# Summer 2007 Masscops Meet and Greet!



## justanotherparatrooper (Aug 27, 2006)

A bunch of us were chatting about a spring meet and greet the other night so I figured to start a thread. I heard that the idea of a booze cruise would be a logistical nightmare but I'm open to anything. Sniper was talking maybe a pig roast or some such thing in central Ma.
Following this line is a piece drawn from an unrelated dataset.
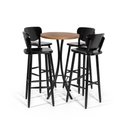 Ver imagem 1 de Conjunto Mesa Alta Bar Redonda Tampo em MDF Noronha com 4 Banquetas de Madeira Preto - Straub Web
Maybe a shoot in western Ma if SOT was up for it..
Ideas, dates????


----------



## mikey742 (Mar 4, 2005)

*Re: Spring meet and greet*

I would like to go have not been able to make the other ones although they seemed like a good time


----------



## CJIS (Mar 12, 2005)

*Re: Spring meet and greet*

We need name tags or something this time. needs to be planned better to meet each other easier. We all know what happened during the last one


----------



## rocksy1826 (Nov 12, 2006)

*Re: Spring meet and greet*



npd_323 said:


> We need name tags or something this time. needs to be planned better to meet each other easier. We all know what happened during the last one


hey! the rest of us did fine!


----------



## kwflatbed (Dec 29, 2004)

*Re: Spring meet and greet*



npd_323 said:


> We need name tags or something this time. needs to be planned better to meet each other easier. We all know what happened during the last one


It was not their fault that you got lost at the door.


----------



## NewEngland2007 (Dec 31, 2005)

*Re: Spring meet and greet*



rocksy1826 said:


> hey! the rest of us did fine!


Notoriously so.


----------



## Guest (Feb 21, 2007)

*Re: Spring meet and greet*



justanotherparatrooper said:


> A bunch of us were chatting about a spring meet and greet the other night so I figured to start a thread. I heard that the idea of a booze criuse would be a logistical nightmare but Im open to anything. Sniper was talking maybe a pig roast or some such thing in central Ma. Maybe a shoot in western Ma if SOT was up for it..
> Ideas, dates????


Eagle was the one who had mentioned possibly inviting us all to an annual pigroast he attends..........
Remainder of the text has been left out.